Monthly Archives: November 2012

The Challenge of Four-Status Model of eLearning: Principles Toward a New Understanding for Healthcare Professionals

In many industries, a growing need for distance education exists. This is especially true in the healthcare industry where new knowledge is essential to enhance patient care.  Professional requirements also require hospital staff to learn new information.  In this article, Turnbull, Wills, and Gobbi (2011) talk about eLearning in a nursing program in Thailand and how they faced challenges due to several factors.  They mention that one needs to critically consider the factors of infrastructure, finance, policies, and culture (IF-PC) when deciding to pursue eLearning as a source of teaching, since there are many drivers and barriers to eLearning.

Gobbit et. al (2001) conducted a mixed method study consisting of interviews, questionnaires, and surveys.  The study examined the eLearning program at this nursing college in Thailand and came up with several findings.  Benefits of eLearning can be great due to the access of new knowledge, allowing hospital staff to enhance patient care.  However, technological barriers prevent many from being able to utilize such resources.  For example, many of the staff members were unable to access computers, while others had slow Internet connections.

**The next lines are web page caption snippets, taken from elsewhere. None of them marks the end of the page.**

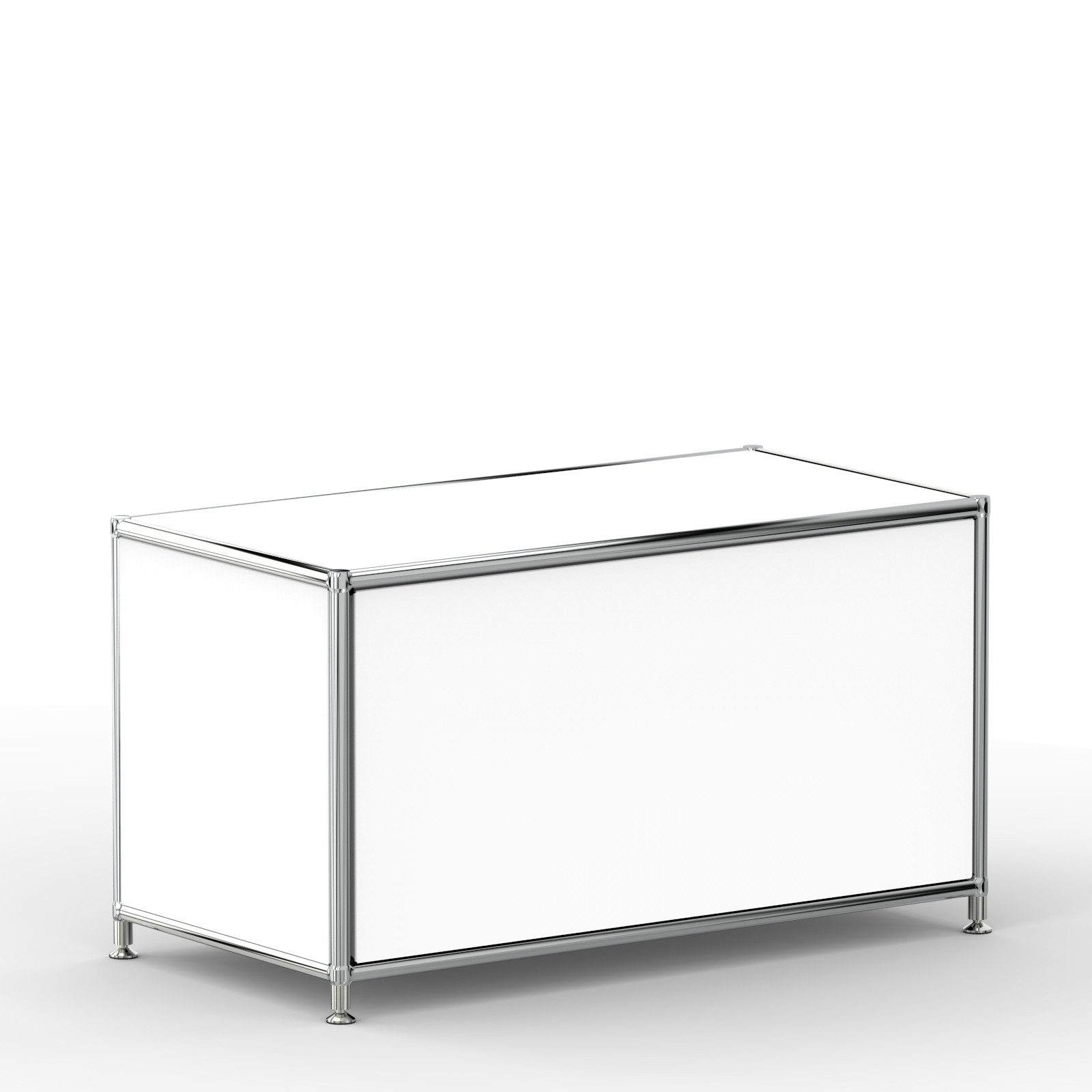 Versee Lowboard TV Board mit Klappe & Schloss, Breite 77 cm (Lowboard für Büro und Home-Office, 1 Lowboard), Robust und langlebig, 50kg belastbar
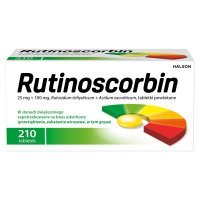 Rutinoscorbin Lek witamina C 100mg+25mg x 210 tabl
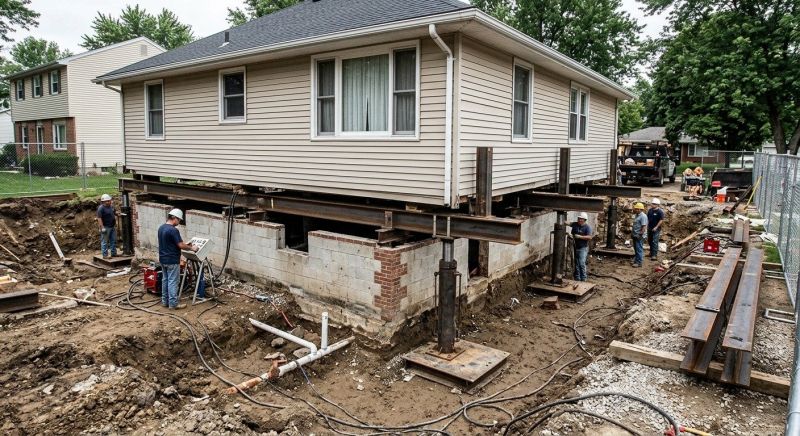 Foundation Raising in Brooklyn, CT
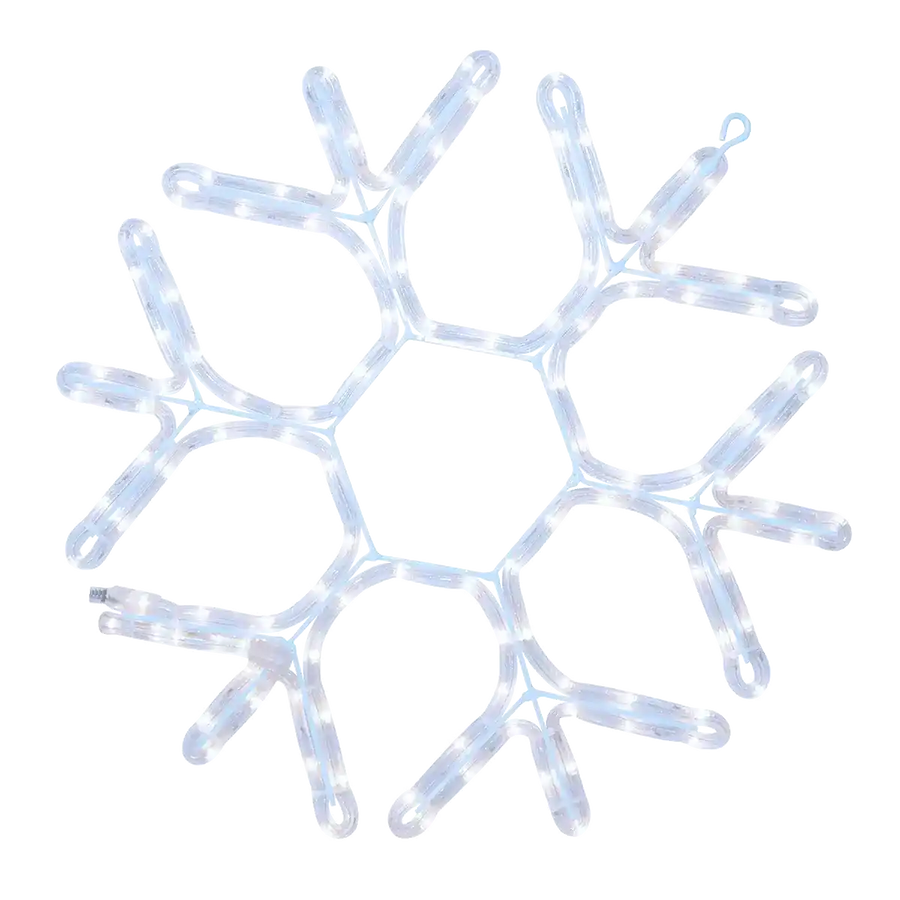 Classic Snowflake Cool White 36in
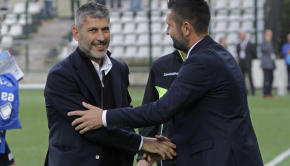 Cristiano Scazzola e Nenad Bjelica (Foto Ivan Benedetto)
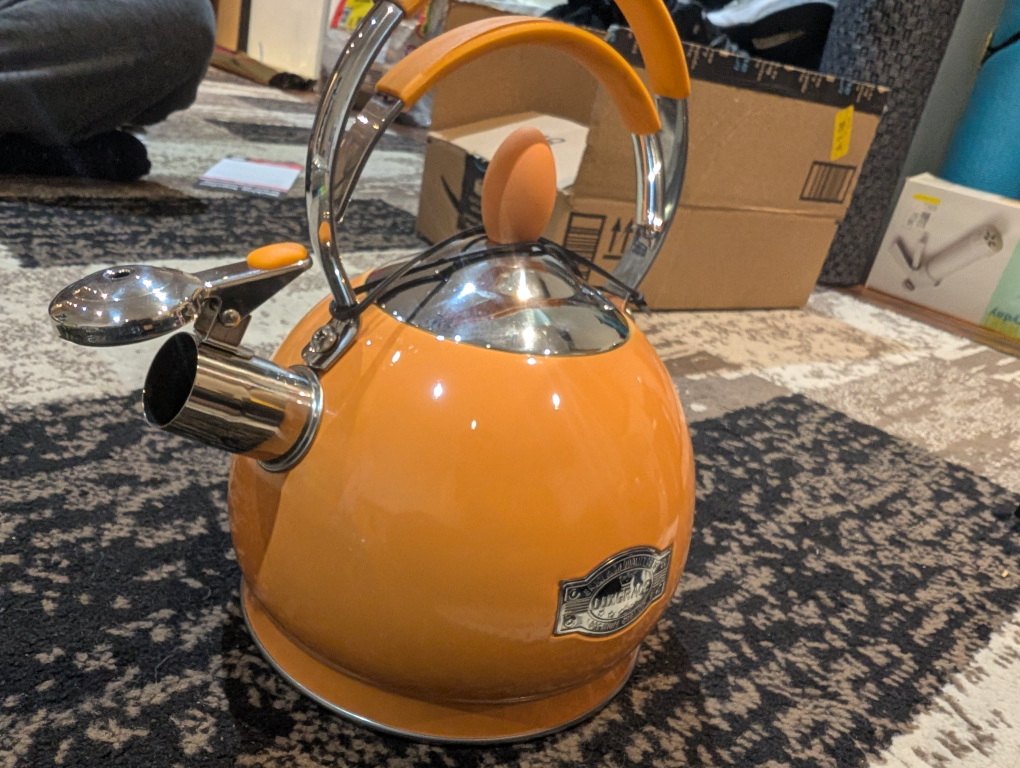 Orange Kettle - photo 2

According to the author, the success of an eLearning program can be strongly influenced by the four domains mentioned in the article (infrastructure, finance, policies, and culture).

 

Turnbull, N., Willis, G.B., & Gobbi, M.O. (2010).  The challenge to the four-status e-learning model for healthcare professionals: a critique on a developing world case study.  Paper presented at the 3rd International Conference of Education, Research and Innovation, November 15-17, 2010, Madrid, Spain.

 

Financial Benefits of eLearning

Companies are rapidly implementing eLearning as a method of training.  The eLearning sector as a vehicle for training is becoming larger as technology gets cheaper and more advanced.  According to Nichols (2004), the way eLearning benefits companies is that it is lower in cost while it has a higher output through automation.  The author writes in his article that the financial benefits still need to be considered when deciding to pursue eLearning training.  As with all decisions, there exist benefits as well as drawbacks.

One of the drawbacks to eLearning initiatives is that there exists a high fixed cost.  Some of the costs related to eLearning are personnel (Instructional System Designers, eLearning developers, curriculum developers, programmers, graphic designers, and a few others).  Additionally, the level of interaction and simulations significantly affects costs as well.  For example, a course on sexual harassment might decide to include a video scenario using professional actors rather than text with images.

On the other hand, the benefit of turning training into eLearning over instructor led courses (ILTs) is that learning of new knowledge is much quicker than the traditional methods.  For example, a company introducing a new technology to its employees requires tremendous amount of knowledge transfer.  Providing eLearning training allows employees to learn them quickly at their own pace.  Contrastingly, providing instructor led training can take much longer to learn the new knowledge since training depends on the speed of the trainer.

When an organization decides to implement eLearning as a form of training, Nichols (2004) writes that it should depend on the contribution to cost, quality, service, and speed.  Although some aspects of the projected costs may be subjective, the author suggests that it can play a contributing factor in the decision making process, while getting “buy-in” from managers and directors (p. 33).

Nichols, M. (2004).  The financial benefits of eLearning.  Journal of Distance Learning, 8 (1), 25-33.